We tend to take care of our neighbors.
(Sorry, those attributes can be found everywhere.) The "neighbors" he's worried about are southern West Virginians who won't get much benefit from the recent China/West Virginia energy deal.
In the midst of this self-praise, Myer makes a point that few in West Virginia media (Ken Ward, Jr. in the Charleston Gazette-Mail being the obvious exception) have made about the West Virginia/China energy deal -- the deal may not be all that it's cracked-up to be:
The money is scheduled to be spent during a 20-year period. An average of $4 billion a year is nice, but it isn’t an economic renaissance.
Also worrisome is whether the Chinese will follow through. What happens in, say, a couple of years when Beijing decides to send a negative diplomatic/economic message to the United States?
(That's quite an admission from the editor of a paper that's been leading the cheerleading.)
The column then moves on to West Virginia University research into opioid use and he concludes by telling us that the status quo is more dangerous than taking some risks.
Myer's column needs an editor but it's good to read his cautionary note on the China trade deal.
By the way, Chinese reaction to the West Virginia deal has been hard to find on the Web.
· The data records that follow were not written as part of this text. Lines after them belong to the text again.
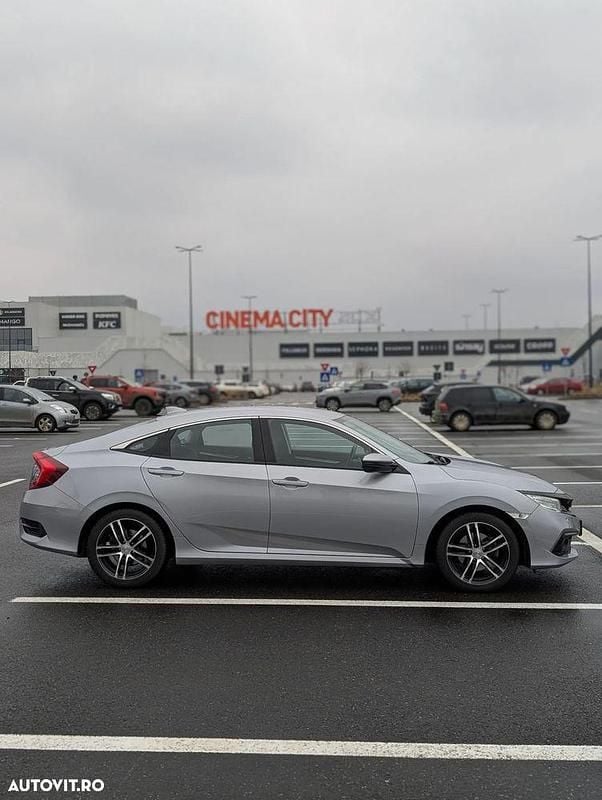 Second-hand Honda Civic Elegance 182 CP (133 kW) 2019 Culoareargint Berlinǎ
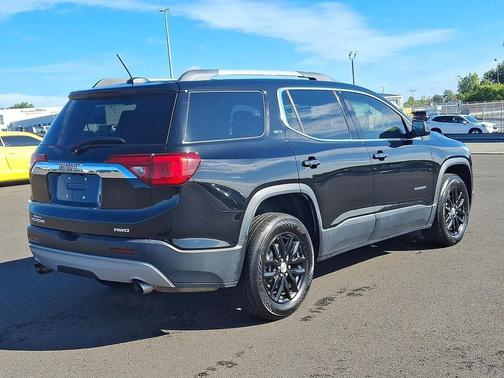 2019 GMC Acadia SLT-1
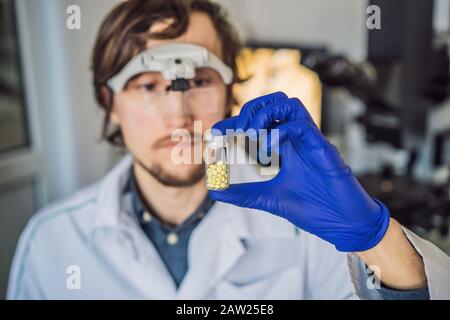 Ein Arzt oder Wissenschaftler in einem Labor hält Medikamente für Kinder oder ältere Menschen oder heilt Tierseuchen. Konzept: Krankheiten, Medizin, Wissenschaft Stockfoto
Mid-week I found this opinion piece by Stephen Vines in the South China Morning Post which has been called "Hong-Kong's "newspaper of record":
Donald Trump’s US$250 billion of deals with China is ‘fake news’ at best
Vines, like some of the non-WV American media, is very skeptical of the deal.
It appears that notice of yesterday's post on Congressman McKinley's tax vote did not go out to everyone. Hopefully this gets through.